Con il lemma «spese» il codice di procedura civile effettua un generico e non meglio definito riferimento a tutti gli esborsi che complessivamente costituiscono il costo del processo, cioè a tutti gli oneri economici relativi ad attività direttamente coordinate con lo svolgimento del processo. Tali oneri possono suddividersi perlomeno in due tipi: a) esborsi che assurgono a tributi (contributo unificato per l’iscrizione a ruolo della controversia, imposta di registro) o di pagamento di diritti per prestazioni ipoteticamente espletate da impiegati pubblici (cancellieri ed ufficiali giudiziari), dunque riconducibili ad un corrispettivo per la prestazione del servizio giustizia ad opera dell’apparato pubblico (costi giudiziali); b) compensi versati a soggetti privati (difensori, consulenti tecnici, custodi) per attività espletate in relazione al processo (inclusi i costi stragiudiziali).

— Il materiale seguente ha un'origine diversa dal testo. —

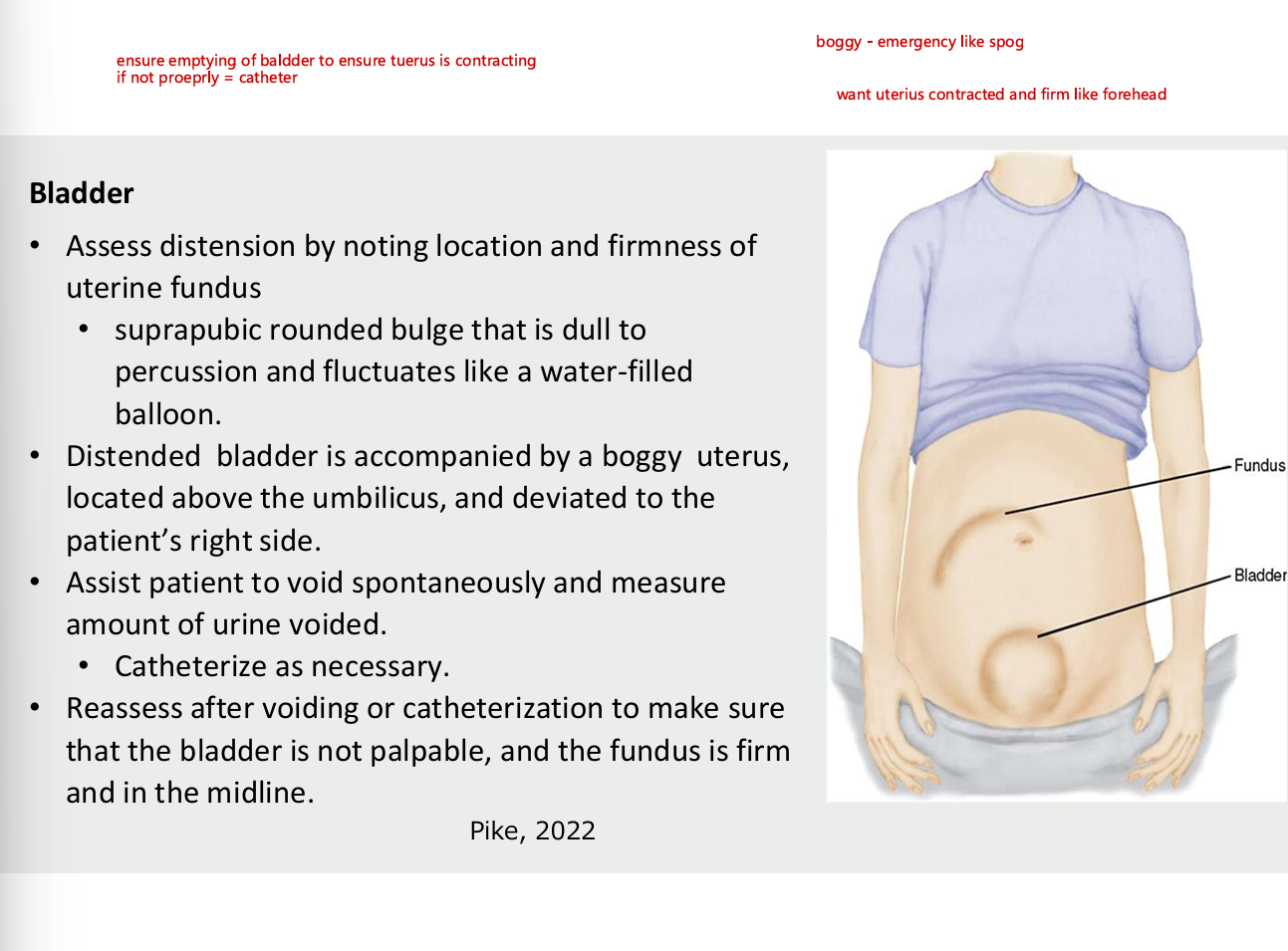 <ul><li><p>assess distension by noting location and firmness of uterine fundus</p><ul><li><p>suprapubic rounded bulge that is dull to percussion and fluctuates like water filled balloon</p></li></ul></li><li><p>distended bladder is accompanied by a boggy uterus, located above the umbilicus and deviated to the patient right side</p></li><li><p>assist patient to avoid spontaneously and measure urine voided - catheter as necessary</p></li><li><p>reassess after voiding or catherization to make sure that the bladder is not palpable and the fundus is firm in the midline</p></li></ul><p></p>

Sono considerate ripetibili le spese che abbiano origine nel processo e negli atti in esso compiuti, quali le spese: – relative ad atti funzionali all’attività difensiva («compensi»), purché documentate, ivi comprese le spese per consulenza tecnica di parte e per attività ante giudizio ove necessarie ad accertare l’altrui condotta illecita; – versate all’erario per imposta di registro; – successive all’emissione della sentenza, per registrazione e trascrizione; – per gli accessori fiscali al difensore (Iva e contributo previdenziale); – il rimborso forfetario per spese generali stabilito in misura percentuale.
La discrezionalità nella liquidazione delle spese gode di amplissimo spettro d’azione. Infatti liquidare X o 3X, compensare le spese o addirittura liquidarne X-1 può voler dire cambiare radicalmente l’esito di un giudizio, soprattutto se di valore contenuto ove l’entità delle spese può addirittura travalicare lo stesso valore economico delle domande. La condanna alle spese è pertanto un delicatissimo strumento di equità processuale e sostanziale al contempo, pretendendosi al riguardo una straordinaria attenzione dall’organo giudicante, dotato di tale potestà. Potestà che non sempre viene esercitata con la dovuta attenzione, così alimentandosi ulteriori ingiustizie ovvero imponendo alla parte l’ulteriore onere di dover impugnare e ricorrere avverso tale esercizio.